A partir de ese momento, en que Rory Jansen triunfa y entra en la pantalla el ultrajado anciano al que le ha robado sus palabras, el guion se vuelve un tanto farragoso y reiterativo, con unos papeles de cartón piedra cautivos de la artificialidad maniquea con la que los realizadores los alimentan.
En este ecosistema a lo botella de bebida refrescante que pierde el gas al destaparse, el episodio que debía representar el eje más determinante del largo queda diluido como un azucarillo por la banalidad de sus materiales de construcción. Tras haber echado el resto en los segmentos anteriores, el correspondiente a Ben Barnes es un flashback sin la suficiente pasión, como para que el personal comprenda el motivo de que un tema tan escasamente alentador se haya transformado en un exitoso best-seller. Aparte, la escenificación de las desgracias del joven matrimonio en el París de la posguerra ni siquiera goza de la ambientación adecuada. Ante tales decisiones, la película cae enteros en su misión de mantener la atmósfera general, antes misteriosa.
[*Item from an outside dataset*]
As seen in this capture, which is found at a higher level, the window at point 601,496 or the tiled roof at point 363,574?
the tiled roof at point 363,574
Una vez se conoce el nudo argumental, el tríptico queda mortalmente cojo de una pata, y afecta a las historias de Cooper y Quaid (bueno, más a la de la estrella de El equipo A que a la del ex de Meg Ryan; ya que la de éste nunca había estado excesivamente dibujada en el croquis general).
No obstante, y pese a lo explicado anteriormente, El ladrón de palabras es un filme que se sitúa en una escala de calidad superior a la de muchas de las obras que pululan por la cartelera actual. Sin embargo, también es un trabajo extraño que se alarga en exceso, con cuestionamientos morales mal reflejados y un ritmo cadencioso, que al final no llega a ningún puerto.